[Numpy-discussion] Numpy speed ups to simple tasks - final findings and suggestions

Fri Jan 4 16:33:25 EST 2013

On Fri, Jan 4, 2013 at 6:50 AM, Raul Cota <raul at virtualmaterials.com> wrote:
>
> On 02/01/2013 7:56 AM, Nathaniel Smith wrote:
>> But, it's almost certainly possible to optimize numpy's float64 (and
>> friends), so that they are themselves (almost) as fast as the native
>> python objects. And that would help all the code that uses them, not
>> just the ones where regular python floats could be substituted
>> instead. Have you tried profiling, say, float64 * float64 to figure
>> out where the bottlenecks are?
>
> Seems to be split between
> - (primarily) the memory allocation/deallocation of the float64 that is
> created from the operation float64 * float64. This is the reason why float64
> * Pyfloat got improved with one of my changes because PyFloat was being
> internally converted into a float64 before doing the multiplication.
>
> - the rest of the time is the actual multiplication path way.

Running a quick profile on Linux x86-64 of
  x = np.float64(5.5)
  for i in xrange(n):
     x * x
I find that ~50% of the total CPU time is inside feclearexcept(), the
function which resets the floating point error checking registers --
and most of this is inside a single instruction, stmxcsr ("store sse
control register").
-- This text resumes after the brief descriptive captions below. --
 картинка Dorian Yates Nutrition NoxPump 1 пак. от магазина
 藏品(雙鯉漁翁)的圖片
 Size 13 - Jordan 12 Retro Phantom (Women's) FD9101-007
It's possible that this is different on windows
(esp. since apparently our fpe exception handling apparently doesn't
work on windows[1]), but the total time you measure for both
PyFloat*PyFloat and Float64*Float64 match mine almost exactly, so most
likely we have similar CPUs that are doing a similar amount of work in
both cases.

The way we implement floating point error checking is basically:
    PyUFunc_clearfperr()
    <do the floating point operation>
    if (PyUFunc_getfperror() & BAD_STUFF) {
        <raise a warning or whatever>
    }

Some points that you may find interesting though:

- The way we define these functions, both PyUFunc_clearfperr() and
PyUFunc_getfperror() clear the flags. However, for PyUFunc_getfperror,
this is just pointless. We could simply remove this, and expect to see
a ~25% speedup in Float64*Float64 without any downside.
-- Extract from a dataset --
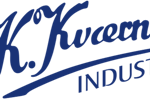 K. Kværner industri logo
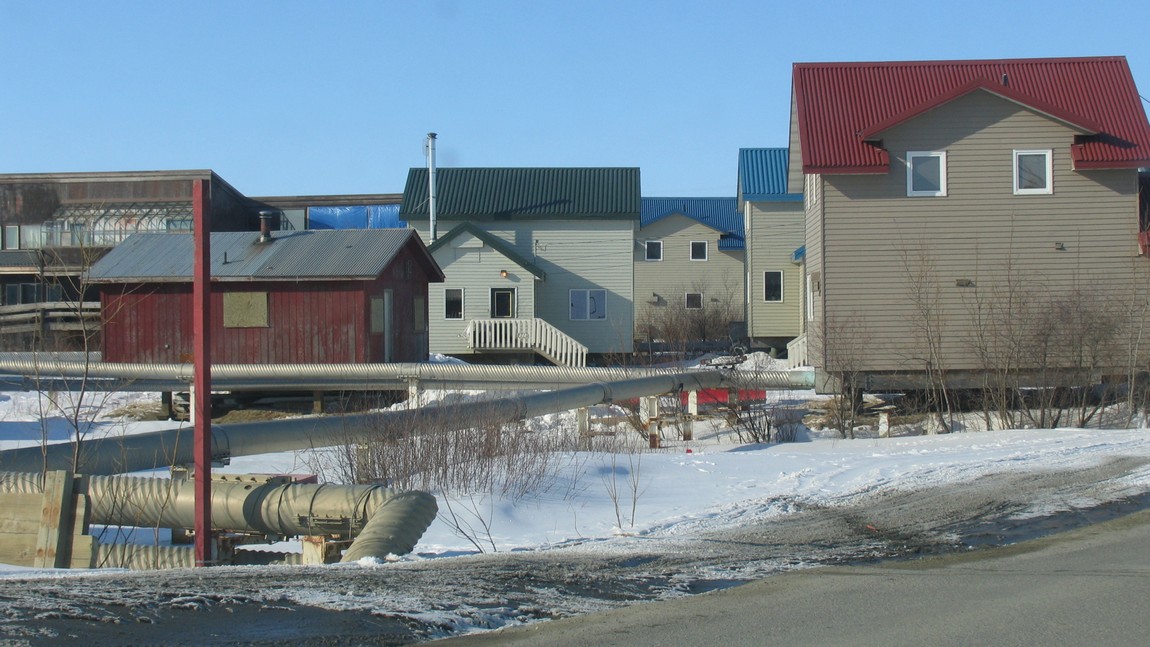 Residential area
- Numpy's default behaviour is to always check for an warn on floating
point errors. This seems like it's probably the correct default.
However, if you aren't worried about this for your use code, you could
disable these warnings with np.seterr(all="ignore"). (And you'll get
similar error-checking to what PyFloat does.) At the moment, that
won't speed anything up. But we could easily then fix it so that the
PyUFunc_clearfperr/PyUFunc_getfperror code checks for whether errors
are ignored, and disables itself. This together with the previous
change should get you a ~50% speedup in Float64*Float64, without
having to change any of numpy's semantics.

- Bizarrely, Numpy still checks the floating point flags on integer
operations, at least for integer scalars. So 50% of the time in
Int64*Int64 is also spent in fiddling with floating point exception
flags. That's also some low-hanging fruit right there... (to be fair,
this isn't *quite* as trivial to fix as it could be, because the
integer overflow checking code sets the floating point unit's
"overflow" flag to signal a problem, and we'd need to pull this out to
a thread-local variable or something before disabling the floating
point checks entirely in integer code. But still, not a huge problem.)

-n

[1] https://github.com/numpy/numpy/issues/2350